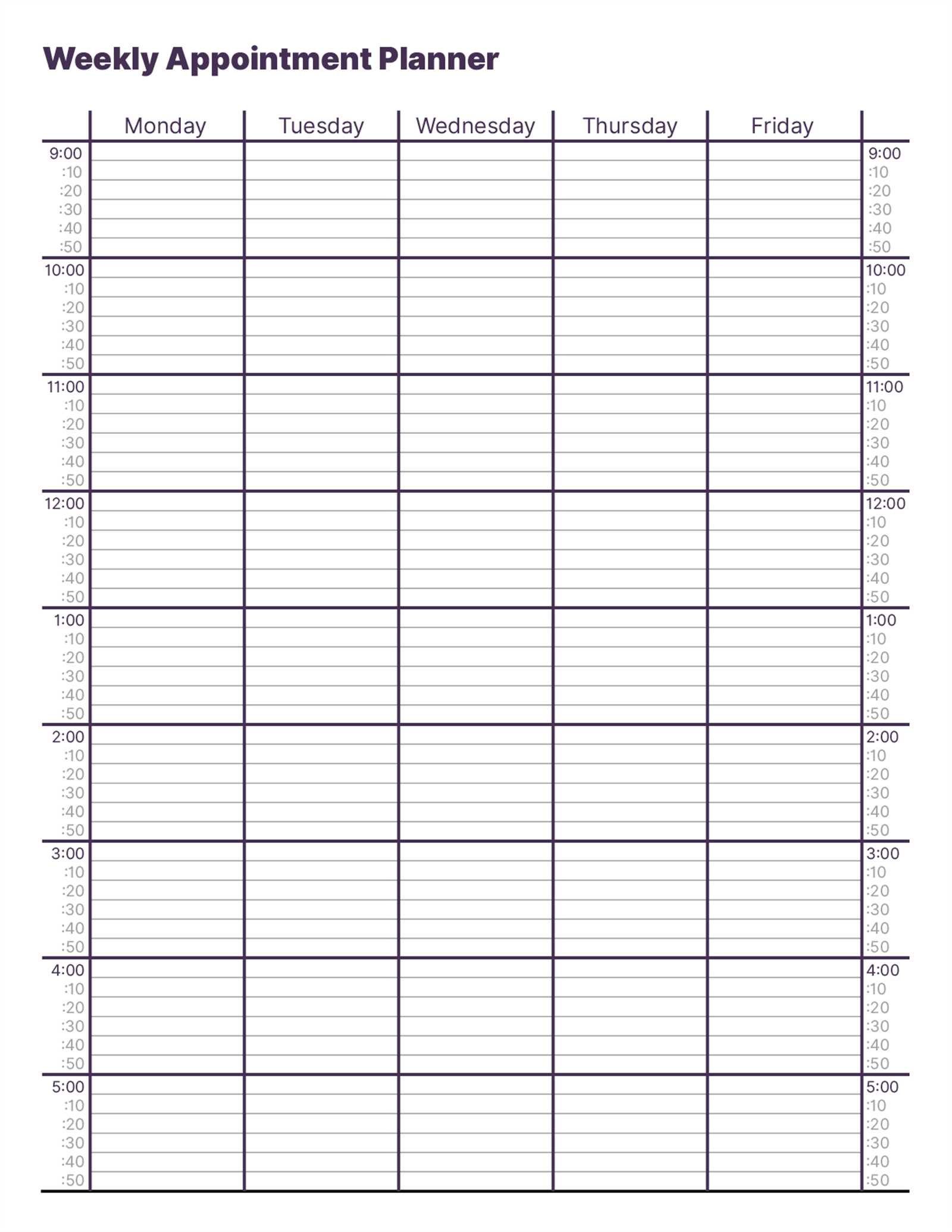 weekly business calendar template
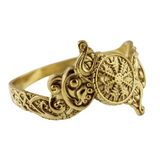 RASK V.K.N.G. Helm of awe symbol and wolf ornament Gold Ring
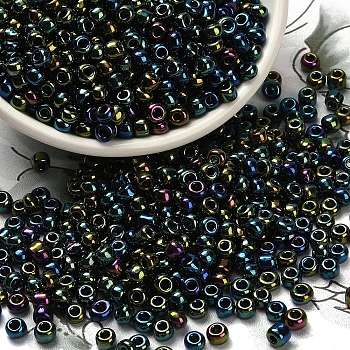 FGB 8/0 Grade A Round Glass Seed Beads, Metallic Colours Iris, Teal, 8/0, 3x2mm, Hole: 1mm, about 10000pcs/bag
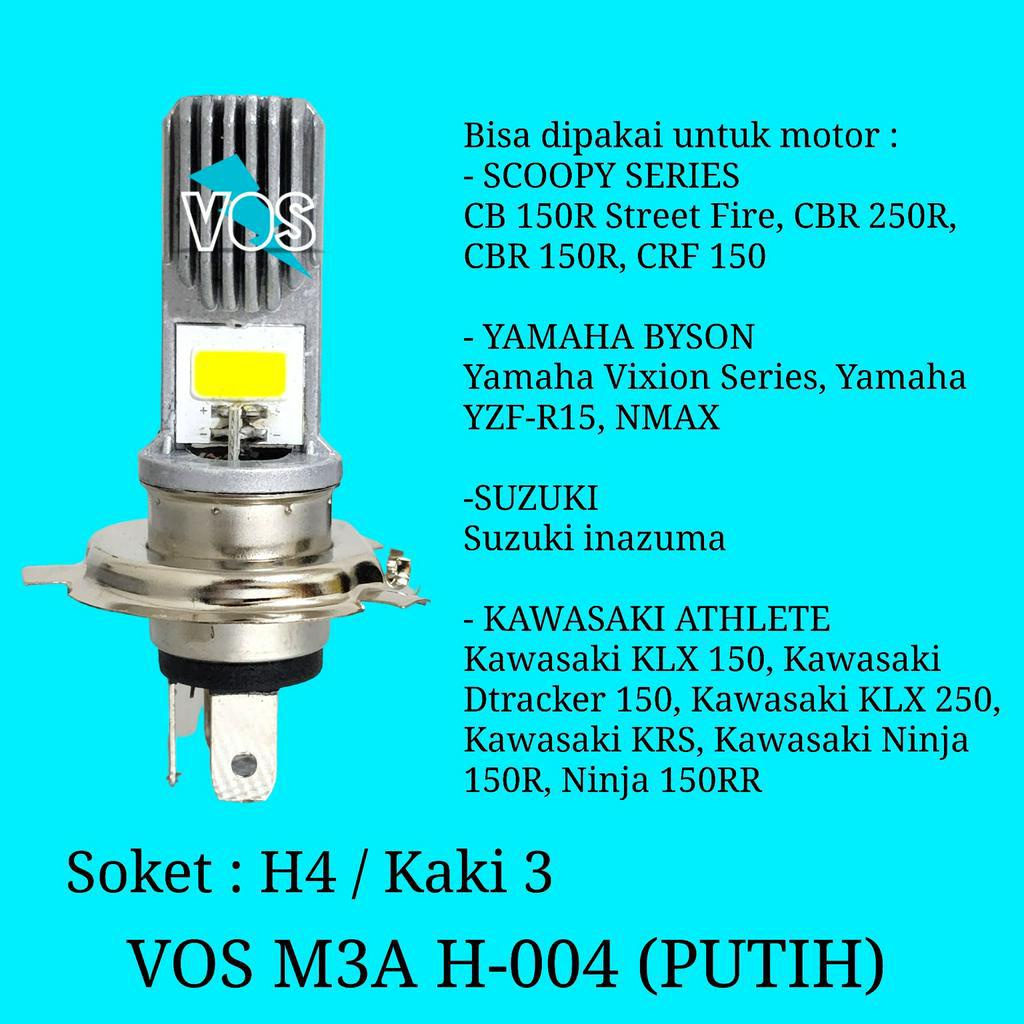 1 Buah Lampu Motor LED Utama VOS M3A H-004 Bisa Untuk Motor Soket H4 (Kaki 3) HI/LO 8W+8W AC/DC PNP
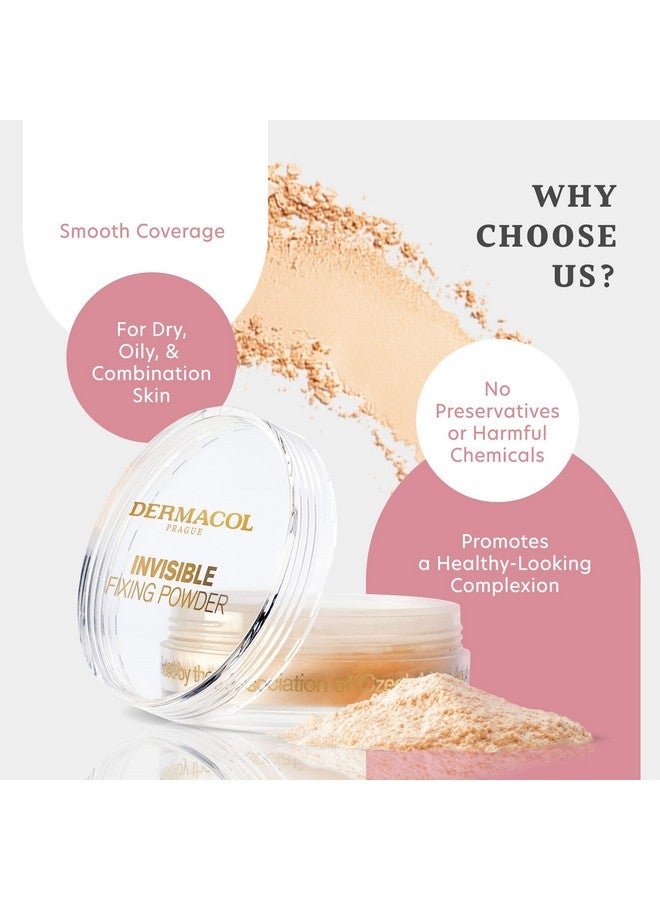 Dermacol - Invisible Fixing Face Powder, Touch-proof Translucent Setting Powder for Oily Skin & Other Skin Types, Loose Powder Makeup, Frangrance-Free Matte Powder with Powder Puff, Natural, 13.5 g - Image 5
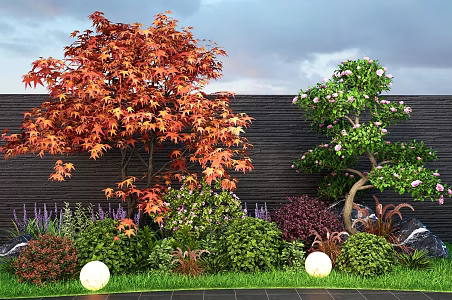 flowers and plants flower border plant combination art pruning shrub ball ligustrum shaped tree 3d model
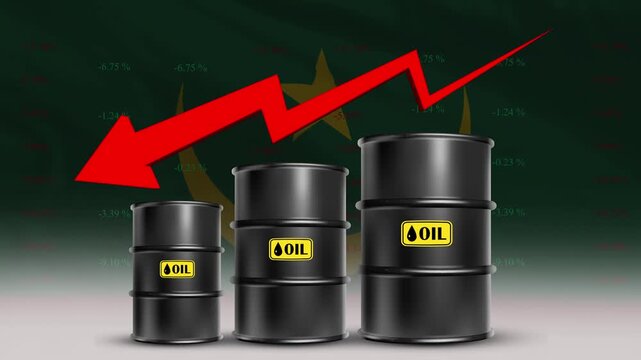 Oil price decline Mauritania economy concept with barrels and red arrow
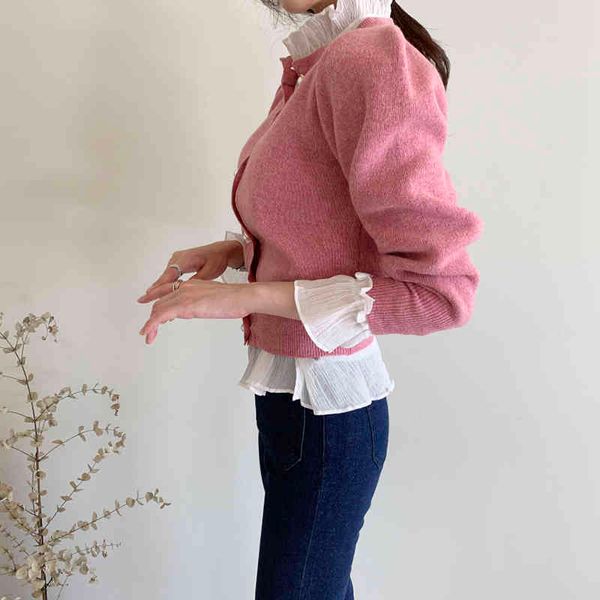 women's t-shirt long puff sleeve cropped sweater women autumn winter single button o neck navy blue pink knitted pullovers jtda, White
women's t-shirt long puff sleeve cropped sweater women autumn winter single button o neck navy blue pink knitted pullovers jtda, White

WHAT TO DO: Begin at the first line of the data above and repeat each line exactly, stopping after the line containing "flowers and plants". Omit the pictures.

REPLY TO THE EXERCISE:
 weekly business calendar template
 RASK V.K.N.G. Helm of awe symbol and wolf ornament Gold Ring
 FGB 8/0 Grade A Round Glass Seed Beads, Metallic Colours Iris, Teal, 8/0, 3x2mm, Hole: 1mm, about 10000pcs/bag
 1 Buah Lampu Motor LED Utama VOS M3A H-004 Bisa Untuk Motor Soket H4 (Kaki 3) HI/LO 8W+8W AC/DC PNP
 Dermacol - Invisible Fixing Face Powder, Touch-proof Translucent Setting Powder for Oily Skin & Other Skin Types, Loose Powder Makeup, Frangrance-Free Matte Powder with Powder Puff, Natural, 13.5 g - Image 5
 flowers and plants flower border plant combination art pruning shrub ball ligustrum shaped tree 3d model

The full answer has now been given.